# TASK DESCRIPTION
Please repeat each line below exactly, with no images in the copy.

EXERCISE INPUT section start

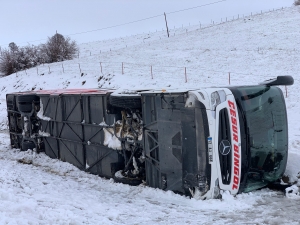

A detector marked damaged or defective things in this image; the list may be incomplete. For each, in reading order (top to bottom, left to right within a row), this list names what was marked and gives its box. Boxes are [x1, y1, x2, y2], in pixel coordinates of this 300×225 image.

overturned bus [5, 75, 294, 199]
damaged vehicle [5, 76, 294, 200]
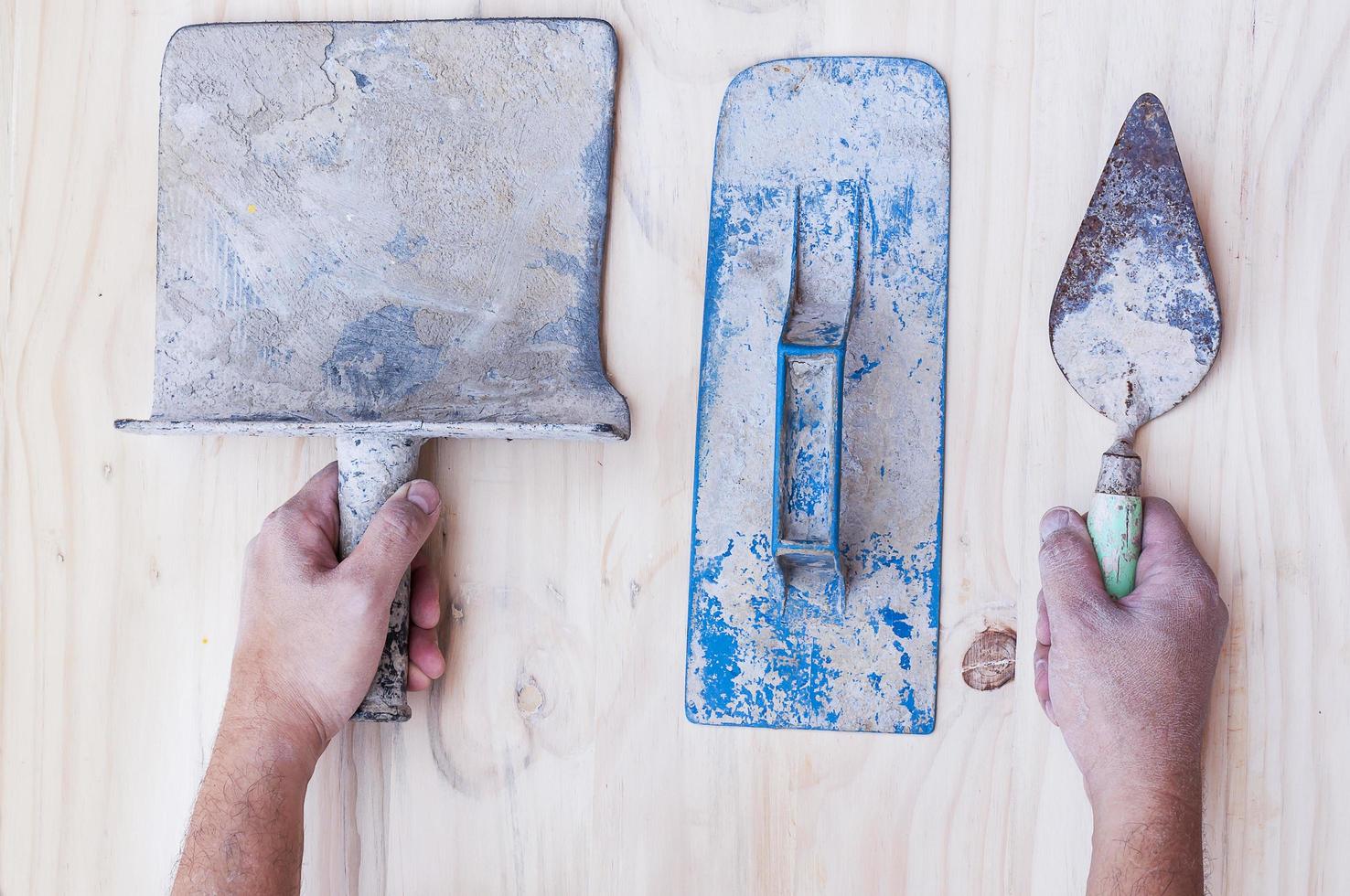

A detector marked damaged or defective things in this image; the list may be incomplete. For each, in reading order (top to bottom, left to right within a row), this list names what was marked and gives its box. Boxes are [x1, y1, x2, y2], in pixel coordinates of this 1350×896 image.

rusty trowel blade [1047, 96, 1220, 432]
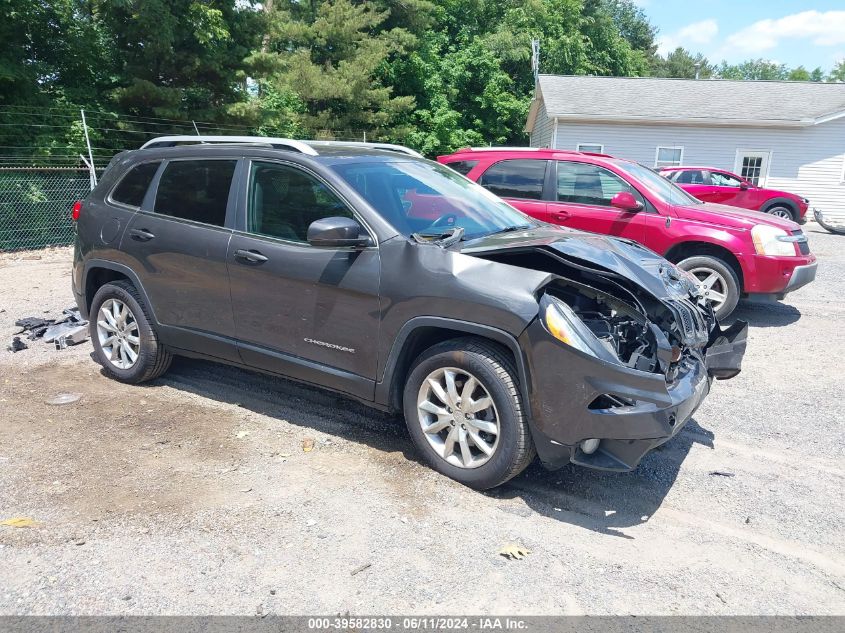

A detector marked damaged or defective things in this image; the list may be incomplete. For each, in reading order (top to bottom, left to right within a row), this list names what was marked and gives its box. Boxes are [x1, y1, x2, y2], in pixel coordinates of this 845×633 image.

EXERCISE INPUT section end

# RESPONSE BOX
A detector marked damaged or defective things in this image; the list may be incomplete. For each, in reading order (top to bottom, left to right within a row), this list names what was marked and gives its box. Boxes are [x1, y1, x2, y2], in pixel coordinates of this 300×225 image.

overturned bus [5, 75, 294, 199]
damaged vehicle [5, 76, 294, 200]

A detector marked damaged or defective things in this image; the list may be incomplete. For each, in reading order (top to bottom, left to right within a row), this list names what was marked and gives its box. Boxes are [x1, y1, x2, y2], in pixel coordinates of this 1350×896 image.

rusty trowel blade [1047, 96, 1220, 432]

A detector marked damaged or defective things in this image; the list may be incomplete. For each, in reading order (top to bottom, left to right within a row), this list names what was marked and gives its box. Boxes are [x1, y1, x2, y2], in pixel coordinates of this 845×633 image.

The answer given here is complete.